■ What you will do
Beginning with the line that has "Steve Madden Slides - Picture 5 of 6" and ending with the line that has "Sopa de tofu con bolitas de pescado", retype the entries below exactly, except for the pictures.

■ Supplied records
______

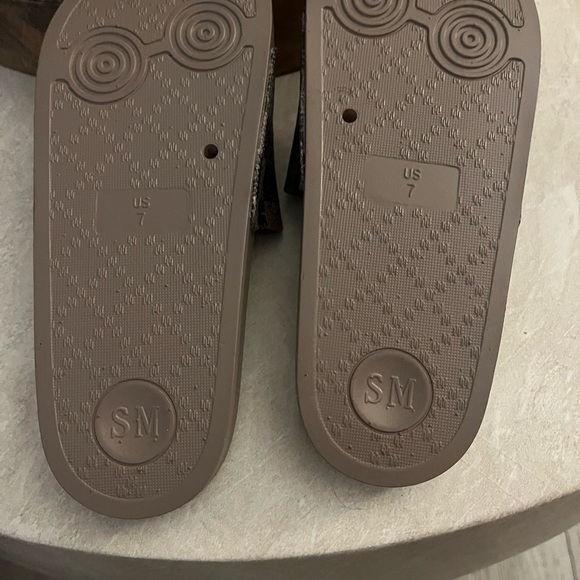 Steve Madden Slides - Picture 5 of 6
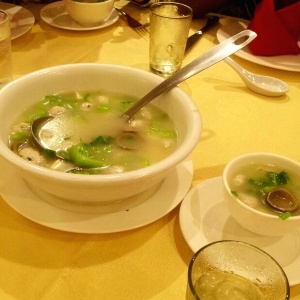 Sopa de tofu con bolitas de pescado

______

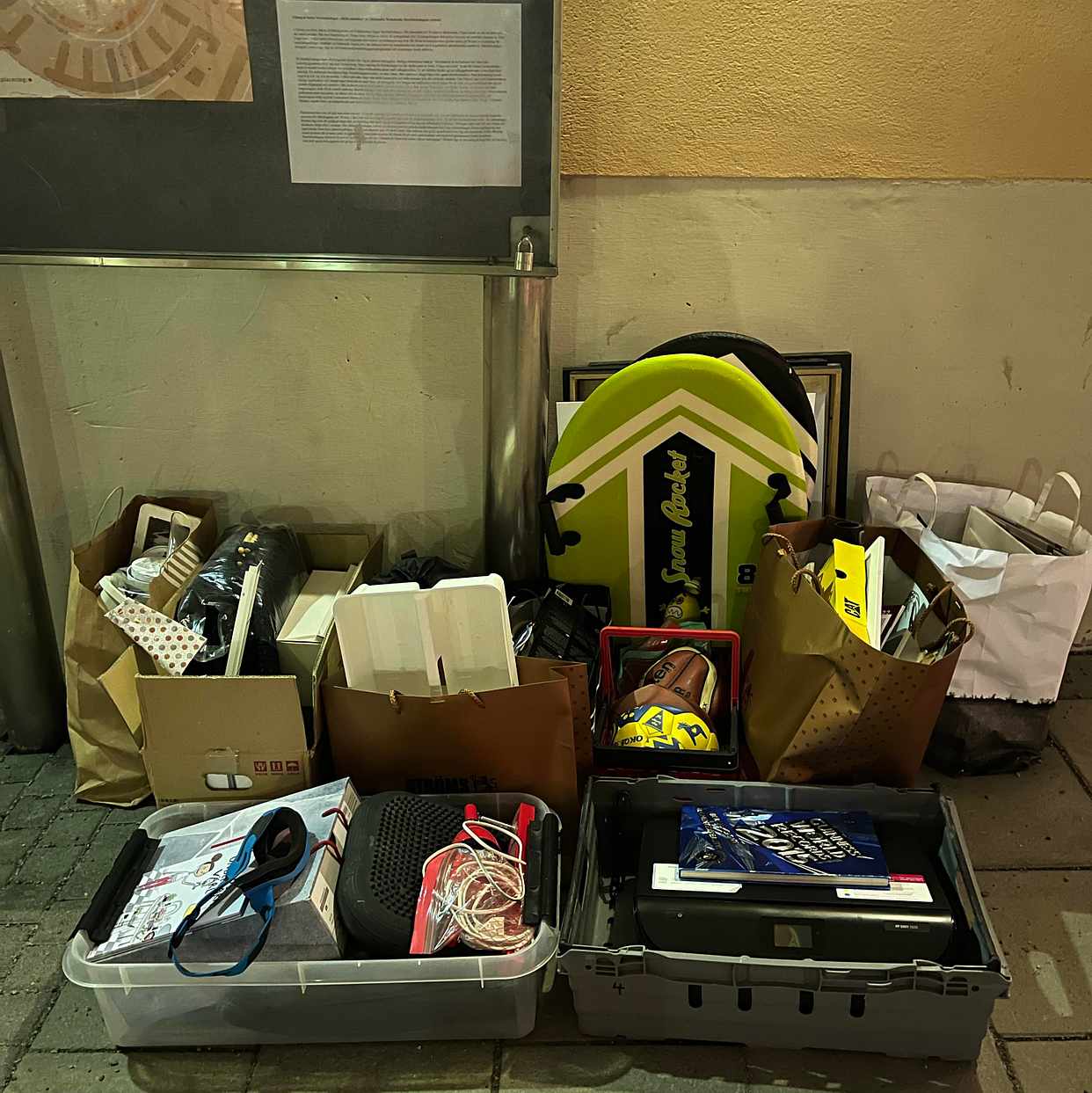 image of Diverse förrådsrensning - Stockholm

______

■ Reply to the exercise
 Steve Madden Slides - Picture 5 of 6
 Sopa de tofu con bolitas de pescado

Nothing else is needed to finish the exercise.